Из его предположений насчет ведомства путей сообщения, которые он сообщал иногда мне по утрам, упомяну о следующем. Он полагал поручить особому комитету составить строительный устав, в котором были бы изложены статьи, указывающие, как следует строителю поступать в известных случаях при всякого рода постройках. Он мне говорил, что по составлении такого устава ему не нужны будут инженеры и он из существующего состава инженеров путей сообщения оставит немногих ему нравящихся (конечно, я был в том числе) и назначит инженерами (!) известных ему своею исполнительностью лиц военного ведомства, которые и будут производить все постройки на основании статей строительного устава, не имея надобности ни в каких знаниях, кроме этого устава{40}. Выше упомянутый комитет был вскоре учрежден, понятно, что он ничего не сделал, так как предложенная ему задача была неразрешима.
Жена Клейнмихеля, графиня Клеопатра Петровна, несмотря на происки своих приятельниц, была со мною любезна, она была женщина умная, но в ней, при ее недостаточном образовании, видна была провинциалка, желающая, {но неудачно}, выказать себя барыней большого света. Конечно, она должна была много терпеть от характера мужа, вспыльчивости и цинизму которого не было пределов. Сверх того, он был преисполнен малыми капризами, как старая дева, а известно, что именно эти капризы несносны в обыденной жизни. Их дети были тогда еще малы, но их, и в особенности сыновей, дурно воспитывали, последние, подражая отцу, были дерзки с теми, с кем он был дерзок, и любезны, с кем он был любезен, {я, конечно, был в числе последних. Я не буду говорить о тех лицах, которых видал за обедами и на вечерах Клейнмихеля, упомяну о них только вскользь}. Клейнмихель принимал почти каждый вечер, собирались в 9 часов вечера и немедля садились за карточные столы, составление партий для игры лежало на обязанности Петра Александровича Языкова{41}, бывшего тогда инспектором в Институте инженеров путей сообщения, в чине полковника, и назначенного, по производстве в генерал-майоры, членом Совета Главного управления путей сообщения, тогда как прежде в этом ведомстве в члены Совета назначались только заслуженные генералы.
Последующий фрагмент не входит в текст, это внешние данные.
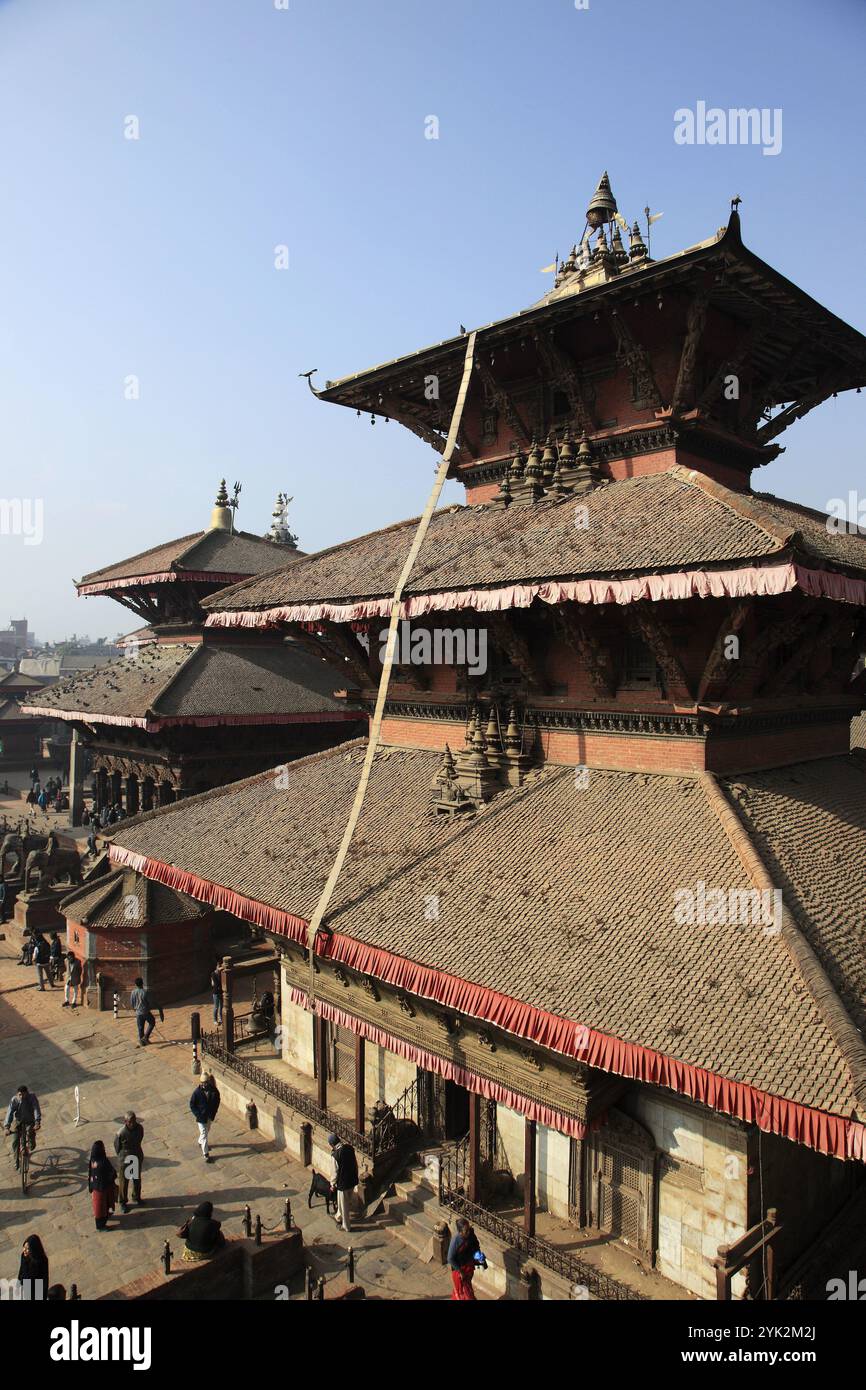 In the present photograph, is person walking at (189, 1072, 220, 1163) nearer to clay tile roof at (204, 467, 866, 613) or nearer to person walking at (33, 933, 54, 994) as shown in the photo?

Языков не смел никуда отлучаться из дому после 8 часов вечера, он в это время ожидал присылки за ним курьера, если уже не был приглашен накануне. Клейнмихель дозволял себе самым неприличным образом обращаться с Языковым. Несмотря на то что Языков был почти одних лет с Клейнмихелем, он говорил Языкову ‘ты’, когда последний, играя в карты, был в выигрыше, Клейнмихель называл его ‘шубой’, уверяя, что Языков столько выиграл у жены Клейнмихеля, что сшил себе на выигранные деньги несколько шуб, увидя у Языкова хорошие карты, Клейнмихель толкал его в бок, приговаривая: ‘ах ты, горбатый’ (Языков был очень сутуловат), и рассказывал, какие он видел карты у Языкова.
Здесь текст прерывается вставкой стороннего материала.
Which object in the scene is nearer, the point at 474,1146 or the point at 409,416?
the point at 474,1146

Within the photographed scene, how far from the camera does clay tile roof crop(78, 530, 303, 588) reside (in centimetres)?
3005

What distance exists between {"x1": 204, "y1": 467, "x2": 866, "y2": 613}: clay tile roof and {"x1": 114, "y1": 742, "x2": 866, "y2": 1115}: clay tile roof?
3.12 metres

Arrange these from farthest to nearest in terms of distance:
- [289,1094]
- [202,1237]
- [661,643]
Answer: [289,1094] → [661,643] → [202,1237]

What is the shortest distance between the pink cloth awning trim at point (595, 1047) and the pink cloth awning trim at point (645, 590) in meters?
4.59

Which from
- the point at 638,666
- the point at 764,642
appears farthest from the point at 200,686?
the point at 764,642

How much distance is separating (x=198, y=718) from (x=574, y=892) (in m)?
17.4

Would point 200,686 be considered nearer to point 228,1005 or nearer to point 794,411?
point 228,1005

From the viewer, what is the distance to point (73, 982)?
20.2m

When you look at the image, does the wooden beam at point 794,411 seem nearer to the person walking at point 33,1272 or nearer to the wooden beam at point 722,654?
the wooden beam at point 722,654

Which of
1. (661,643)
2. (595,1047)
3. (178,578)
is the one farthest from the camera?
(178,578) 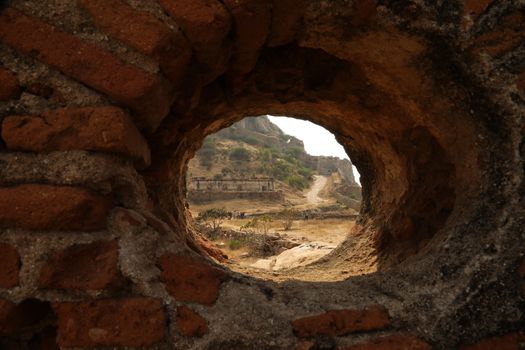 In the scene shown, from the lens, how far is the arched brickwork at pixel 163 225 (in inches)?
34.7

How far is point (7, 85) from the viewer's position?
3.06 ft

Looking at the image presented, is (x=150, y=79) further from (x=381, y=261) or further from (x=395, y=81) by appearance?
(x=381, y=261)

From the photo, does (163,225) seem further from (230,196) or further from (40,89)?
(230,196)

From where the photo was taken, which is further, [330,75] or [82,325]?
[330,75]

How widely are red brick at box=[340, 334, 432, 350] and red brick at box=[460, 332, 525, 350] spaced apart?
111 millimetres

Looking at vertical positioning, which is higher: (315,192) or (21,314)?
(21,314)

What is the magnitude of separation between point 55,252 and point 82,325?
0.19m

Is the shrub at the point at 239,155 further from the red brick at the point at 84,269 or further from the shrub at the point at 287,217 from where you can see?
the red brick at the point at 84,269

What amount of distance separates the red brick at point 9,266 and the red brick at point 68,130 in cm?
26

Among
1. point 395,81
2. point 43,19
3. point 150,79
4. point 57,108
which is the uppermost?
point 395,81

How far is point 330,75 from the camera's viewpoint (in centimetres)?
189

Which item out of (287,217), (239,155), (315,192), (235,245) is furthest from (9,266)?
(239,155)

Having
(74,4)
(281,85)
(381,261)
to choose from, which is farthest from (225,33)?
(381,261)

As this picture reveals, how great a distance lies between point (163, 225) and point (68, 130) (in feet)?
1.24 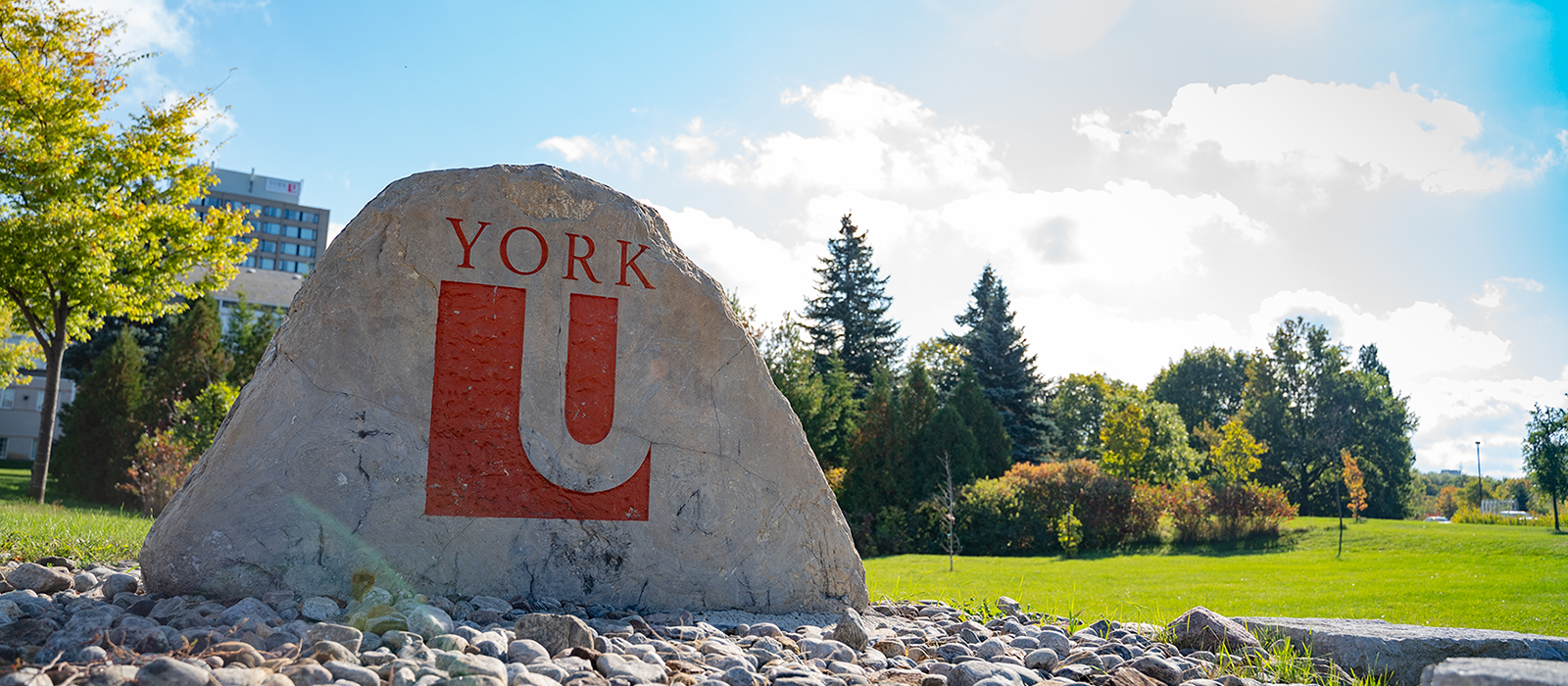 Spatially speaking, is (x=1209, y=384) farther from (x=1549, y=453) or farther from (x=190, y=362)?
(x=190, y=362)

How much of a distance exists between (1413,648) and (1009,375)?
24.6 meters

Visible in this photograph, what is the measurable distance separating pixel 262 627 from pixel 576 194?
112 inches

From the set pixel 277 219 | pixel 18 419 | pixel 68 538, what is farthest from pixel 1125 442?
pixel 277 219

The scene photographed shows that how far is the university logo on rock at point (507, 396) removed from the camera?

В путешествие свое для осмотра работ в 1843 г. Клейнмихель взял с собой Языкова. Клейнмихель садился в карету очень живо, а Языков, по тучности и сутуловатости, медленно. Клейнмихель при всех передразнивал, как Языков лезет в карету, приговаривая: ‘лезет не лезет’, и называл Языкова ‘бабою с клыками’ (у Языкова несколько зубов выходили вперед изо рта). Когда Языков вздумал, сидя в карете с Клейнмихелем, нюхать табак, последний взял у него табакерку и выбросил ее в окно. Языков все это терпел, а между тем был вообще человек честный, благородный, образованный и рассудительный. Это терпение со стороны Языкова можно объяснить только духом времени, в которое приходилось покоряться всему, что приходило в голову начальнику, пользующемуся милостью Государя, иначе можно было умереть с голоду.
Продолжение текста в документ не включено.